Upload Functionality

Introduction

This vignette describes the functionality for uploading results to a pre-created database schema. In the examples here, we assume the use of sqlite for simplicity. However, in principle any platform supported by the DatabaseConnector and SqlRender packages should work.

Creating a schema definition file

It is recommended that every analytics package that creates data output should contain a csv file. This is a requirement for packages that use the OHDSI Strategus library.

Schema definitions should conform to the following column headers:

table_name, column_name, data_type, is_required, primary_key

In addition, other packages may make use of additional fields such as optional or empty_is_na.
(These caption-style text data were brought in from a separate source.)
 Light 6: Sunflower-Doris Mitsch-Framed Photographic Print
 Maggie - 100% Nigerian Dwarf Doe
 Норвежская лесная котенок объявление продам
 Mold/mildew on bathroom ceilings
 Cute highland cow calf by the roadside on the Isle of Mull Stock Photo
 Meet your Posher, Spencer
These are not required for uploading to a schem.

An example csv file may look like this:

# File inst/settings/resulsDataModelSpecifications.csv
table_name,column_name,data_type,is_required,primary_key
table_1,database_id,varchar,Yes,Yes
table_1,analysis_id,bigint,Yes,Yes
table_1,analysis_name,varchar,Yes,No
table_1,domain_id,varchar(20),No,No
table_1,start_day,float,No,No
table_1,end_day,float,No,No
table_1,is_binary,varchar(1),Yes,No
table_1,missing_means_zero,varchar(1),No,No
table_2,database_id,varchar,Yes,Yes
table_2,analysis2_id,bigint,Yes,Yes
table_2,concept_id,int,Yes,No
table_2,logic_description,varchar,No,No
table_2,valid_start_date,Date,Yes,No
table_2,concept_name,varchar(255),Yes,No
table_2,p_10_value,float,Yes,No
table_3,database_id,varchar,Yes,Yes
table_3,analysis3_id,bigint,Yes,Yes
table_3,concept_id,int,Yes,No
table_3,logic_description,varchar,No,No
table_3,valid_start_date,Date,Yes,No
table_3,concept_name,varchar(255),Yes,No
table_3,p_10_value,float,Yes,No

Note the use of sql server data types in the data_type field as well as yes and no in the binary field is_required and primary_key.
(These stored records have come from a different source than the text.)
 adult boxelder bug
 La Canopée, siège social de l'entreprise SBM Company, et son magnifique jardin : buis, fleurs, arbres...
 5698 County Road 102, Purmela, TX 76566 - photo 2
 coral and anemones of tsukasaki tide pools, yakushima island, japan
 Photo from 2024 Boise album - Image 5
We should also define a function for loading this file that converts the column headers to camel case format.

#' Get Results Data Model Specifcations
getResultsDataModelSpec <- function() {
  # For loading inside an R package
  specPath <- system.file("settings", "resulsDataModelSpecifications.csv", package = utils::packageName())
  spec <- readr::read_csv(specPath, show_col_types = FALSE)
  colnames(spec) <- SqlRender::snakeCaseToCamelCase(colnames(spec))
  return(spec)
}

Creating a schema

This section describes how to use RMM to create a schema from a specifications file.

connectionDetails <- DatabaseConnector::createConnectionDetails("sqlite", server = "MySqliteDb.sqlite")
connection <- DatabaseConnector::connect(connectionDetails)
sql <- ResultModelManager::generateSqlSchema(schemaDefinition = getResultsDataModelSpec())
DatabaseConnector::renderTranslateExecuteSql(connection, sql, database_schema = "main", table_prefix = "pre_")
DatabaseConnector::disconnect(connection)

Note that the SQL generated by generateSqlSchema contains the required parameter database_schema and the optional parameter table_prefix.

Uploading results

This section shows how to upload results conforming to the above specified schema. It is assumed that a zip file has been created with csv files corresponding to the table names provided in the resulsDataModelSpecifications.csv file.

ResultModelManager::unzipResults(zipFile = "MyResultsZip.zip", resultsFolder = "extraction_folder")
ResultModelManager::uploadResults(connectionDetails,
  schema = "main",
  resultsFolder = "extraction_folder",
  tablePrefix = "pre_",
  purgeSiteDataBeforeUploading = FALSE,
  specifications = getResultsDataModelSpec()
)

This will extract the zip file and upload results using DatabaseConnector. For most platforms some form of bulk loading is supported, the setup for this is contained in the documentation for DatabaseConnector, it is strongly advised that you set up and use this functionality for any platforms where you will store large data sets. However, this is not necessary for the sqlite example demonstrated here.